What is expected: Please transcribe the lines below exactly, and leave every image behind.

Short web captions
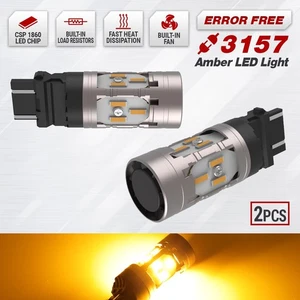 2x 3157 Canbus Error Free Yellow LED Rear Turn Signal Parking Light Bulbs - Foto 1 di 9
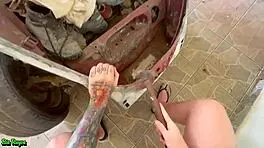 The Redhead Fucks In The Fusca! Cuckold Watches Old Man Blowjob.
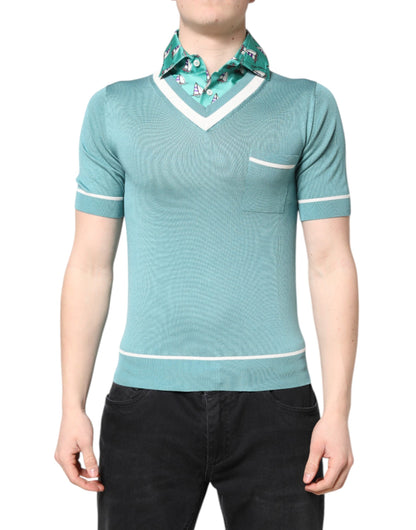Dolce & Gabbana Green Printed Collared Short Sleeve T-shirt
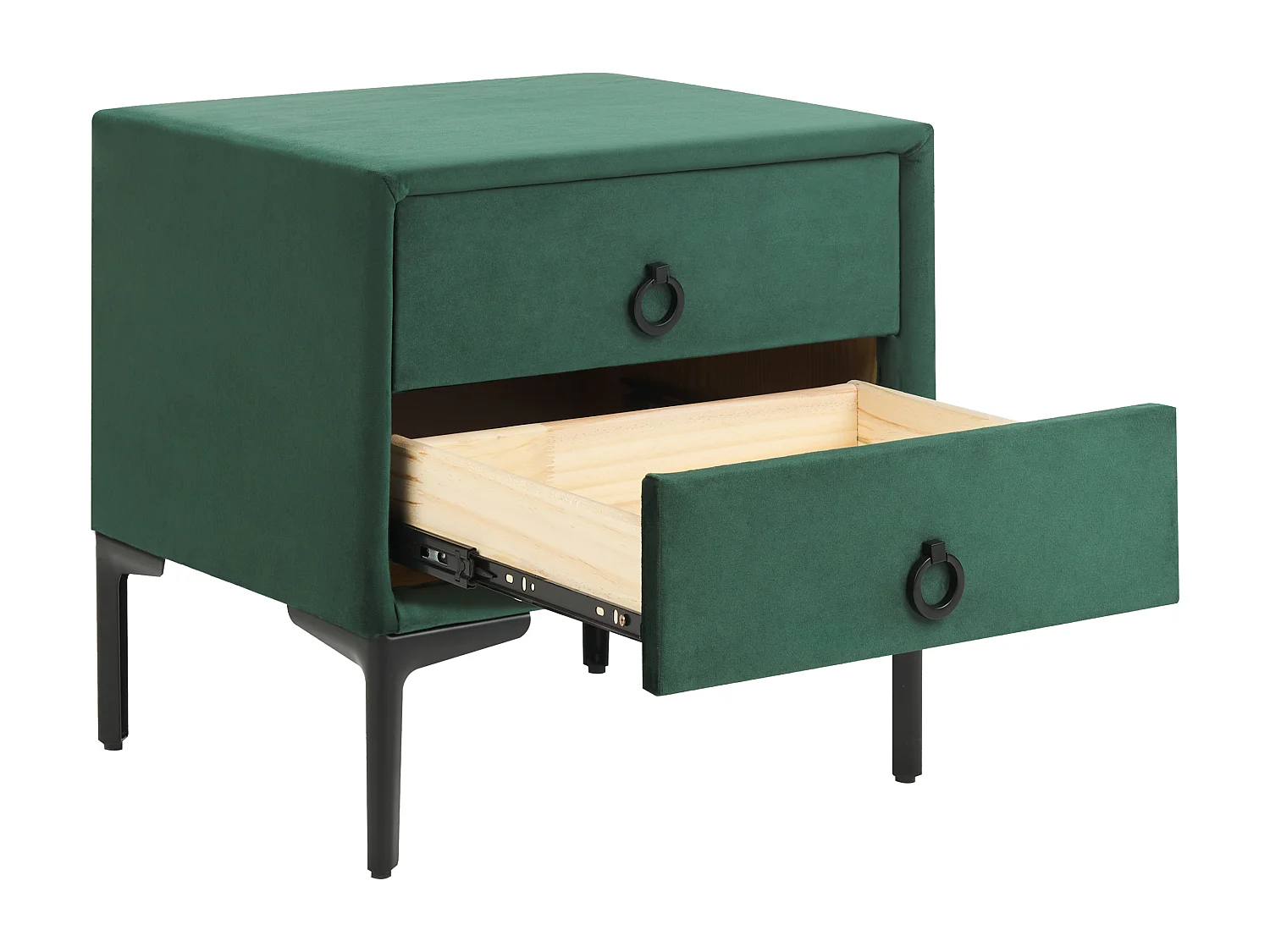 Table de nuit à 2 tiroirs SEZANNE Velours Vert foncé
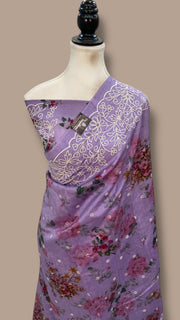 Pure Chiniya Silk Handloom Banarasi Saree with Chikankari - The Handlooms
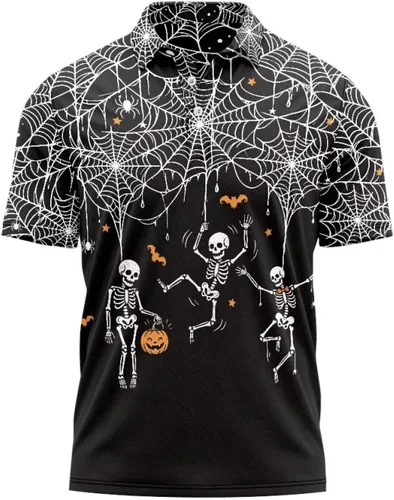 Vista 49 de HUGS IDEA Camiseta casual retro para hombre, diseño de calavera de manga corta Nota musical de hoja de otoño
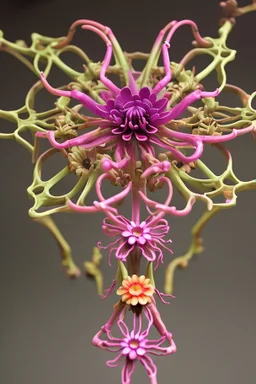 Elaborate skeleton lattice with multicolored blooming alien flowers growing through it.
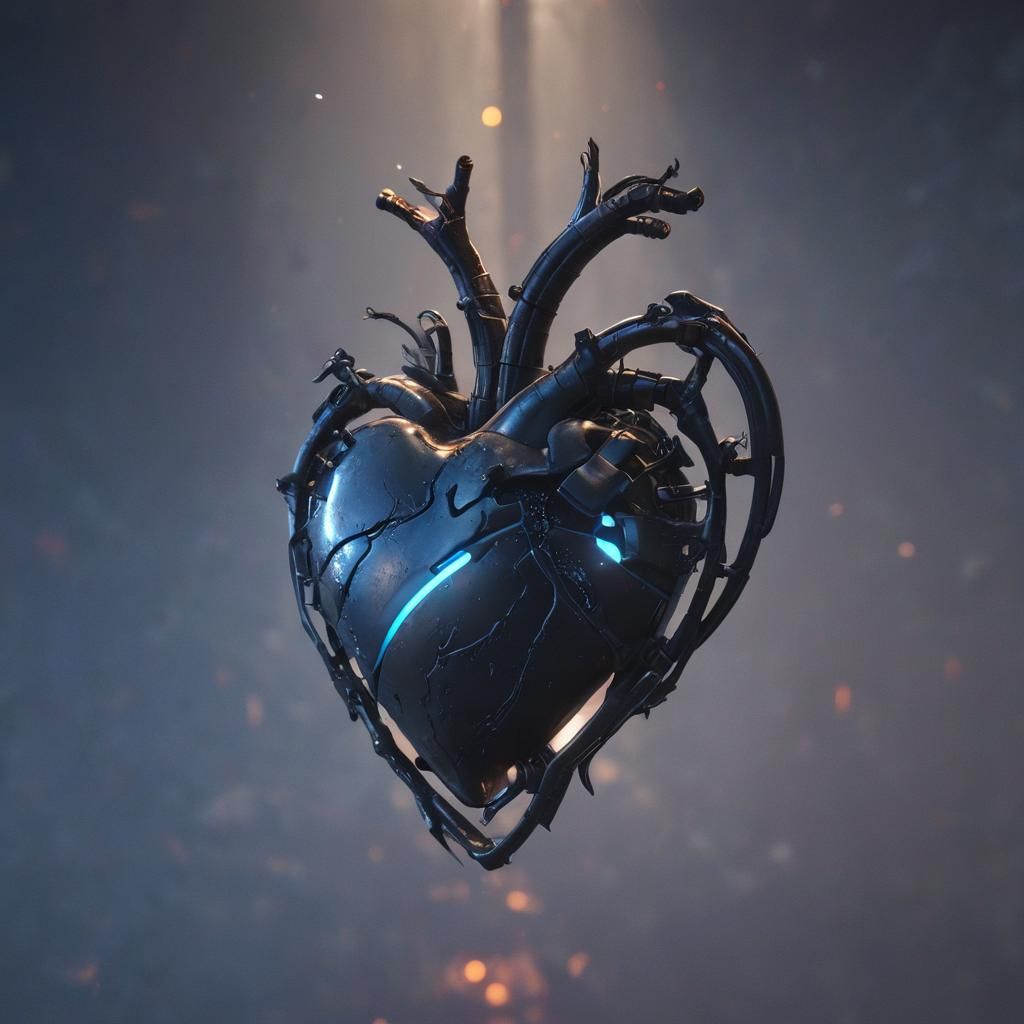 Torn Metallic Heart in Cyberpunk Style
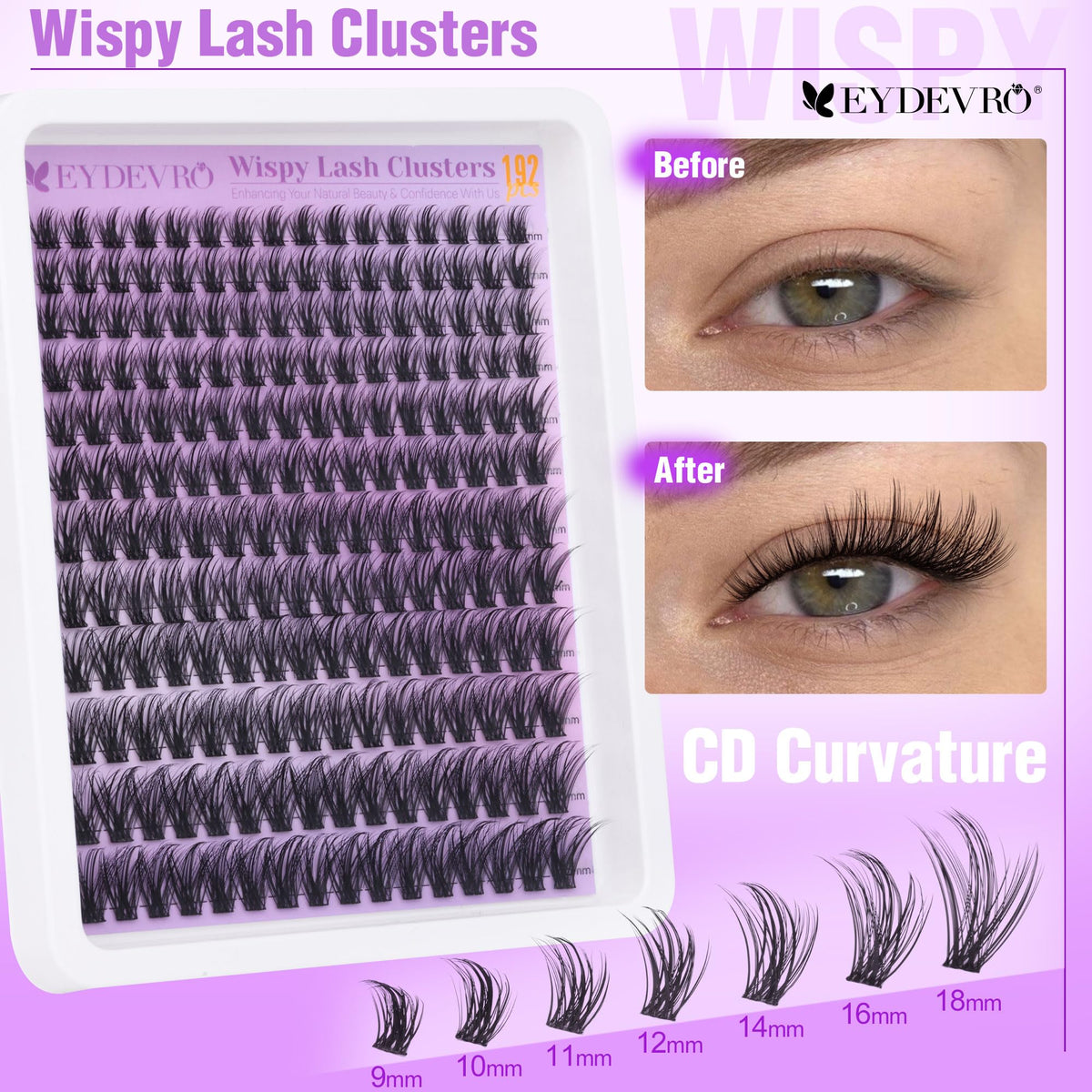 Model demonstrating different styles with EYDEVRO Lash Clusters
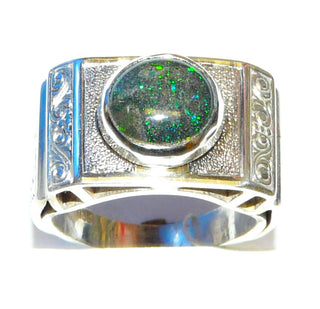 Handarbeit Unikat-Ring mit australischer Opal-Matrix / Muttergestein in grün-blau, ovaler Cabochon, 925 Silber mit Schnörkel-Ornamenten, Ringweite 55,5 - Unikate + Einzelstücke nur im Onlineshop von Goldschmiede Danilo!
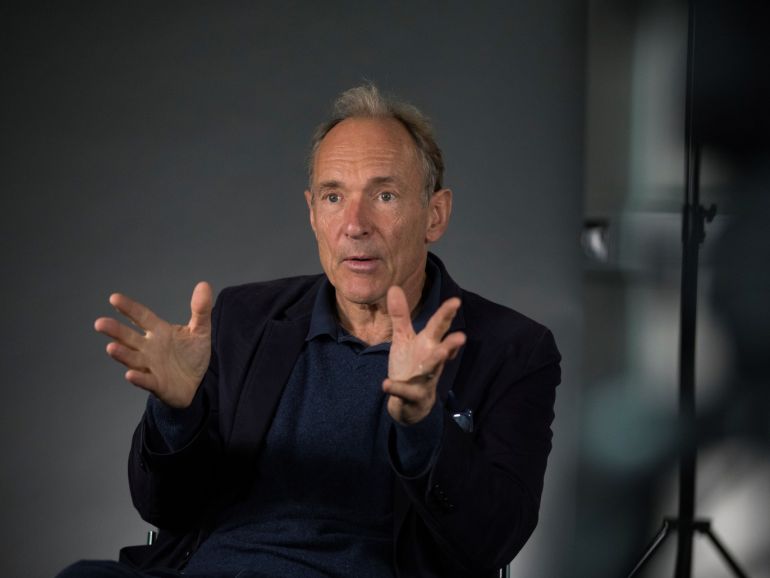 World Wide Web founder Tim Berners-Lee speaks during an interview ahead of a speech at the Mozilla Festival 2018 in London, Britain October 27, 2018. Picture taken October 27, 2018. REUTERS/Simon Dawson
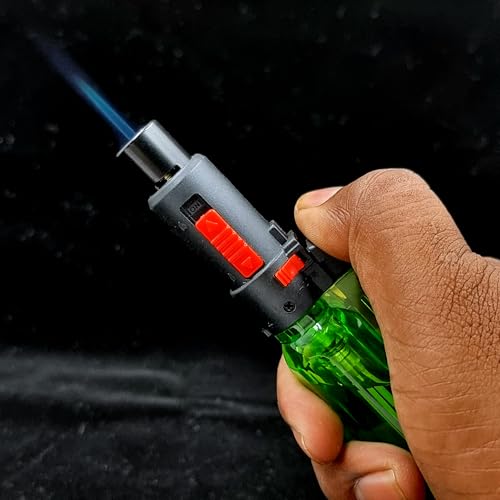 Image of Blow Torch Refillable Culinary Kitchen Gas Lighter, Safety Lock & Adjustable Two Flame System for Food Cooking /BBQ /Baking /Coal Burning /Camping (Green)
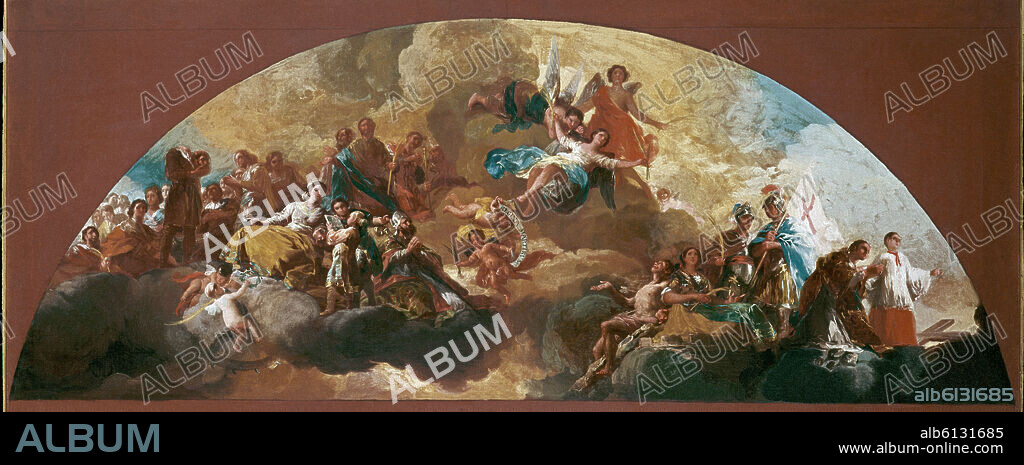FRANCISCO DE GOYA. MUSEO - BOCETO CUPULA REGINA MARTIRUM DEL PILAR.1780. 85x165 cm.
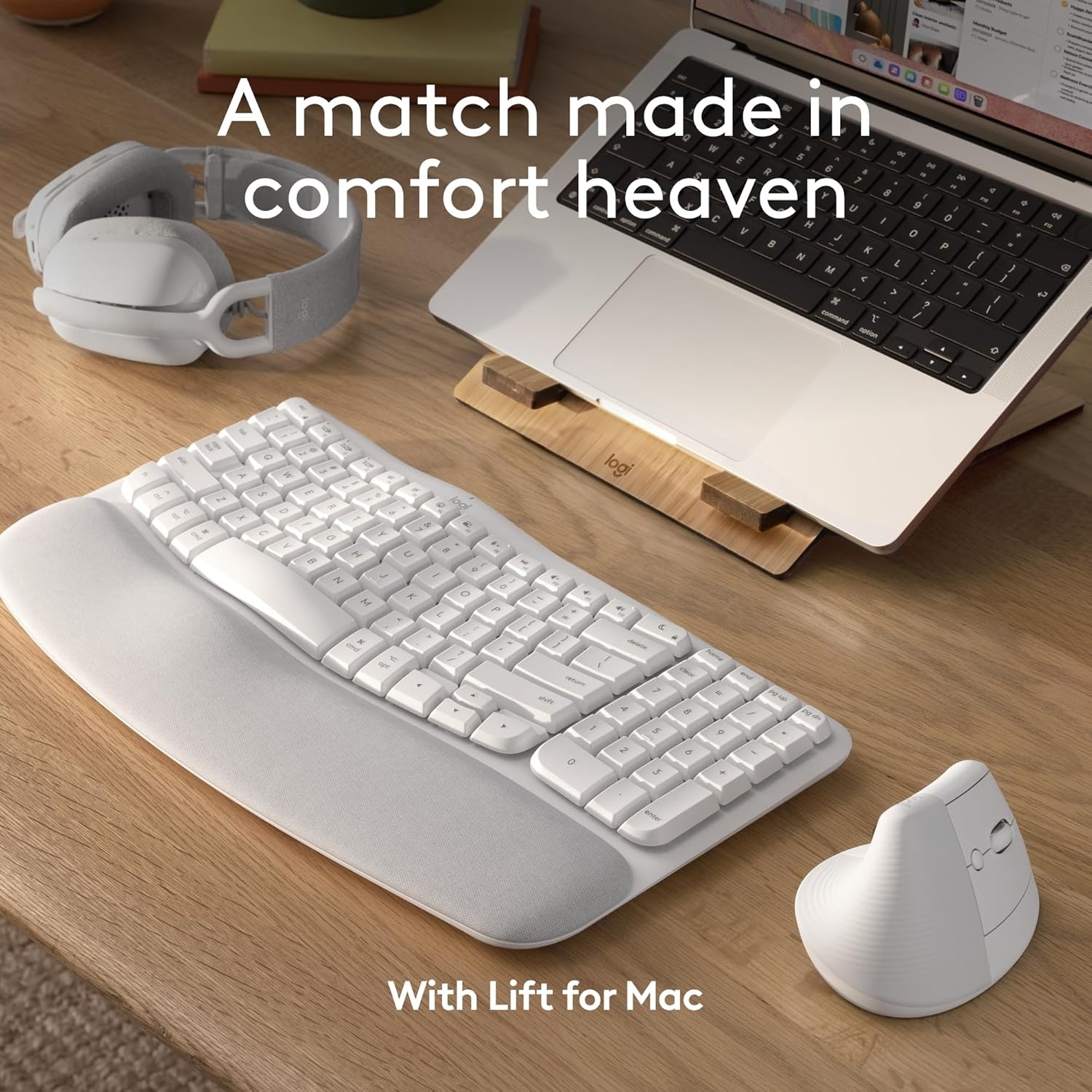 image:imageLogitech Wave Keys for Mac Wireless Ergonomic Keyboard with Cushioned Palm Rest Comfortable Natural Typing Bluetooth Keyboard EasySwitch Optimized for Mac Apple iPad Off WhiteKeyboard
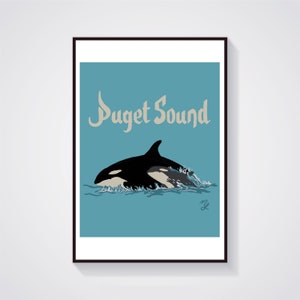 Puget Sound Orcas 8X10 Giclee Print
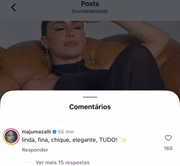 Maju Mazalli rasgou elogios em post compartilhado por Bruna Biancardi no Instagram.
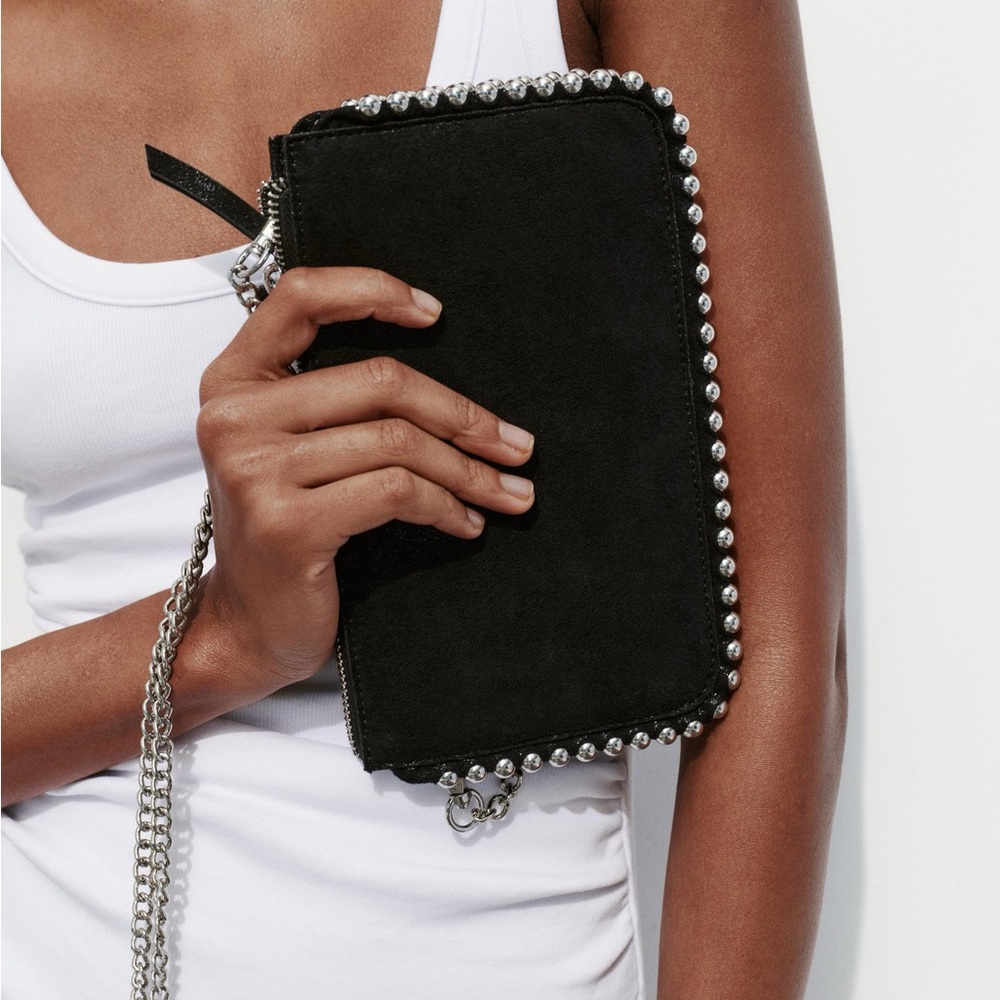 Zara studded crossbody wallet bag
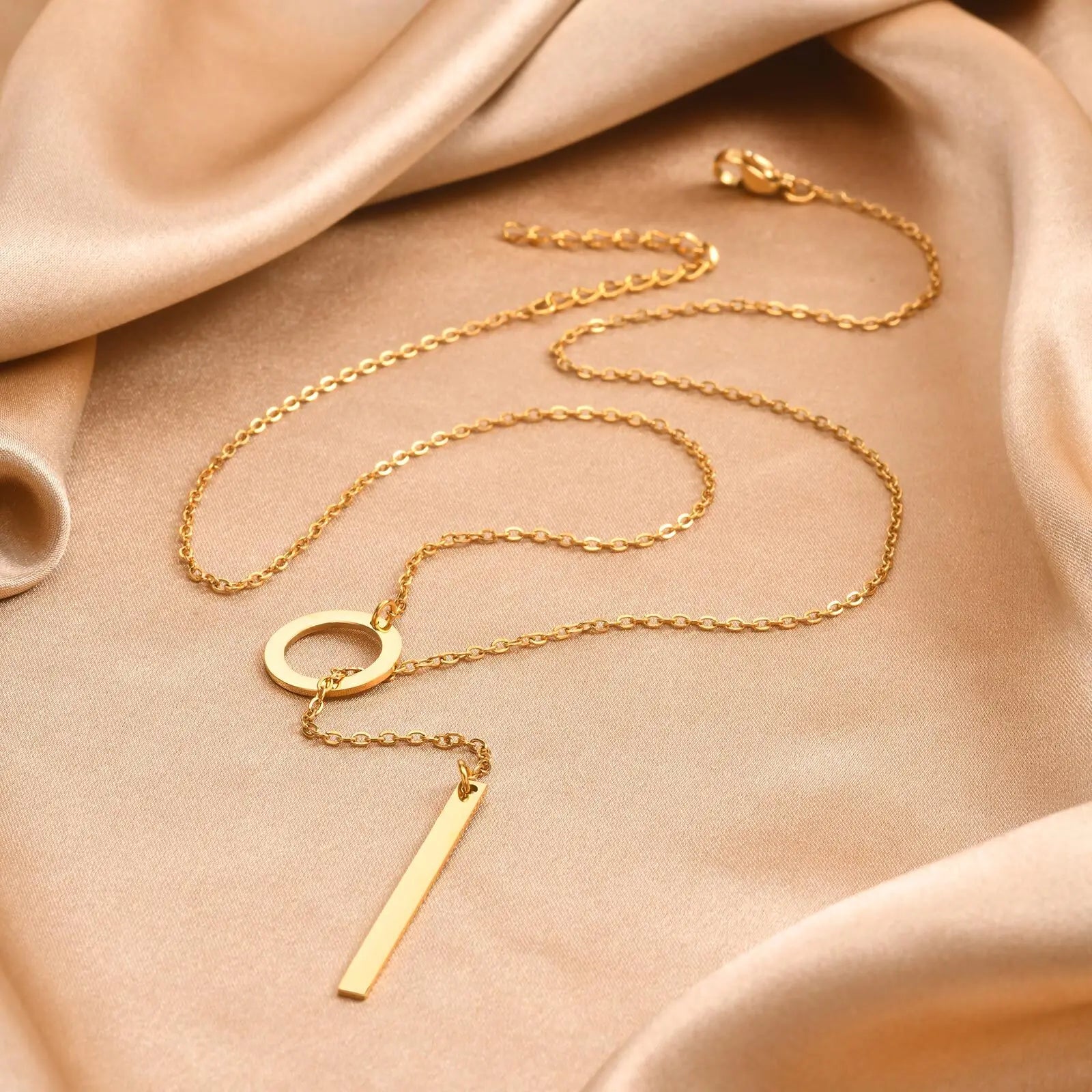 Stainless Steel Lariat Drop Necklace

Output of the exercise:
 2x 3157 Canbus Error Free Yellow LED Rear Turn Signal Parking Light Bulbs - Foto 1 di 9
 The Redhead Fucks In The Fusca! Cuckold Watches Old Man Blowjob.
Dolce & Gabbana Green Printed Collared Short Sleeve T-shirt
 Table de nuit à 2 tiroirs SEZANNE Velours Vert foncé
 Pure Chiniya Silk Handloom Banarasi Saree with Chikankari - The Handlooms
 Vista 49 de HUGS IDEA Camiseta casual retro para hombre, diseño de calavera de manga corta Nota musical de hoja de otoño
 Elaborate skeleton lattice with multicolored blooming alien flowers growing through it.
 Torn Metallic Heart in Cyberpunk Style
 Model demonstrating different styles with EYDEVRO Lash Clusters
 Handarbeit Unikat-Ring mit australischer Opal-Matrix / Muttergestein in grün-blau, ovaler Cabochon, 925 Silber mit Schnörkel-Ornamenten, Ringweite 55,5 - Unikate + Einzelstücke nur im Onlineshop von Goldschmiede Danilo!
 World Wide Web founder Tim Berners-Lee speaks during an interview ahead of a speech at the Mozilla Festival 2018 in London, Britain October 27, 2018. Picture taken October 27, 2018. REUTERS/Simon Dawson
 Image of Blow Torch Refillable Culinary Kitchen Gas Lighter, Safety Lock & Adjustable Two Flame System for Food Cooking /BBQ /Baking /Coal Burning /Camping (Green)
FRANCISCO DE GOYA. MUSEO - BOCETO CUPULA REGINA MARTIRUM DEL PILAR.1780. 85x165 cm.
 image:imageLogitech Wave Keys for Mac Wireless Ergonomic Keyboard with Cushioned Palm Rest Comfortable Natural Typing Bluetooth Keyboard EasySwitch Optimized for Mac Apple iPad Off WhiteKeyboard
 Puget Sound Orcas 8X10 Giclee Print
 Maju Mazalli rasgou elogios em post compartilhado por Bruna Biancardi no Instagram.
 Zara studded crossbody wallet bag
 Stainless Steel Lariat Drop Necklace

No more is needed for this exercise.